- WHAT YOU WILL DO: Only the pictures are to be left out; write out the rest of the data exactly.

- RECORDED INFORMATION:
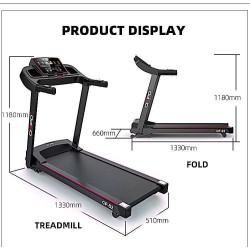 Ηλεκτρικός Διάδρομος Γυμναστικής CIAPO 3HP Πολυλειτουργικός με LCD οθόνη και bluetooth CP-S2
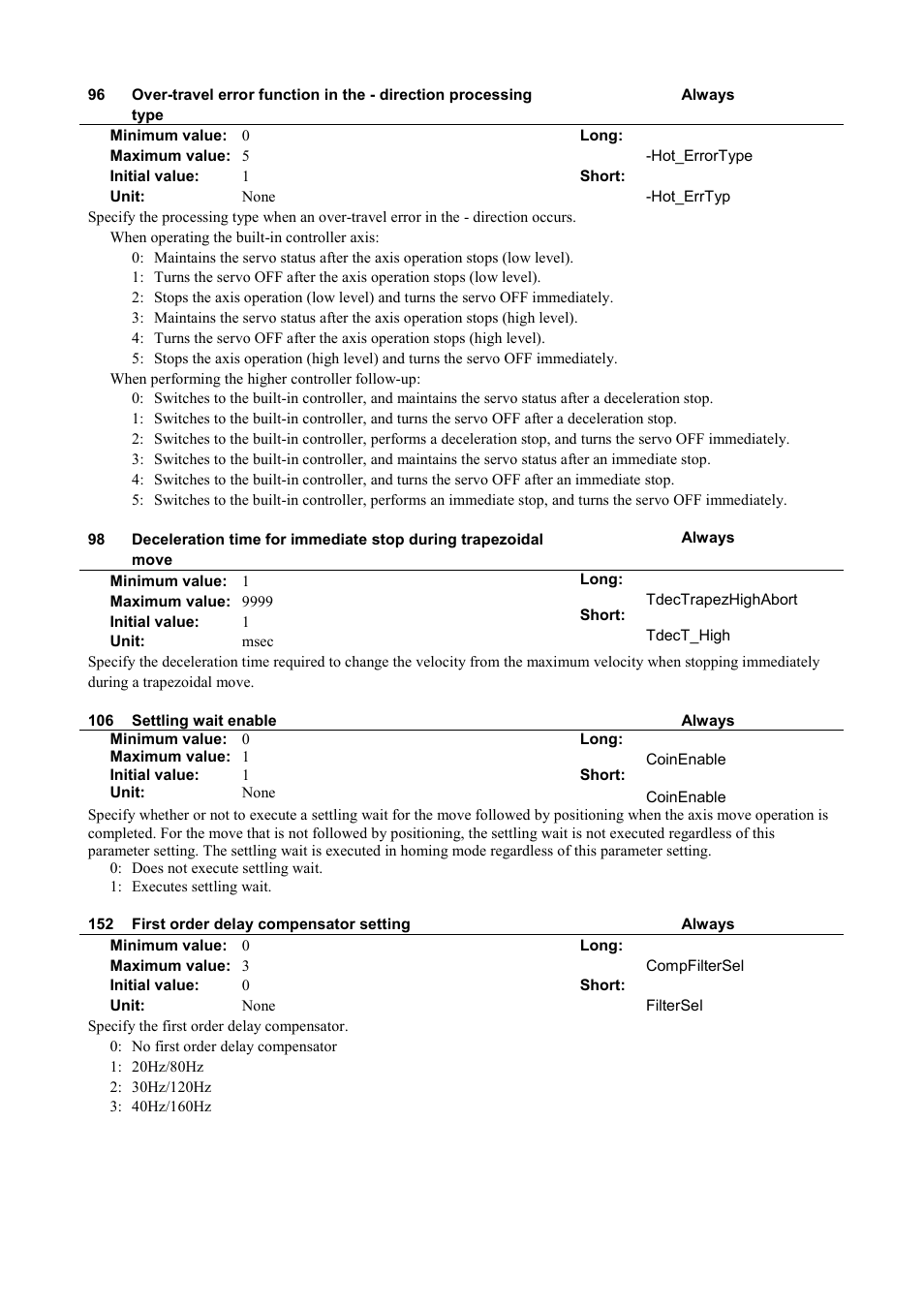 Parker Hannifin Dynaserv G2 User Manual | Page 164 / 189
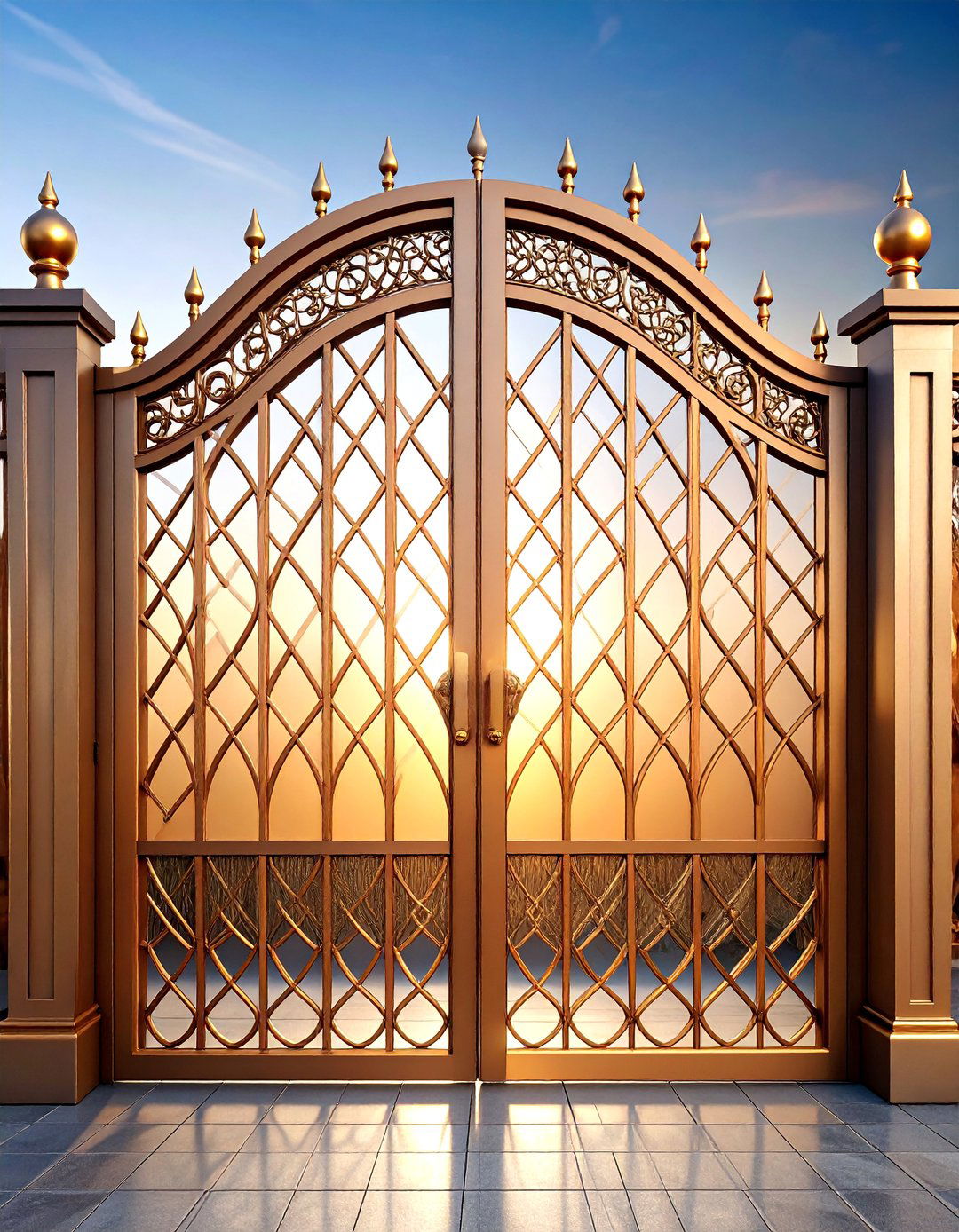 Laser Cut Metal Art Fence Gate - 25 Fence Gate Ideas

- ANSWER BELOW:
 Ηλεκτρικός Διάδρομος Γυμναστικής CIAPO 3HP Πολυλειτουργικός με LCD οθόνη και bluetooth CP-S2
 Parker Hannifin Dynaserv G2 User Manual | Page 164 / 189
 Laser Cut Metal Art Fence Gate - 25 Fence Gate Ideas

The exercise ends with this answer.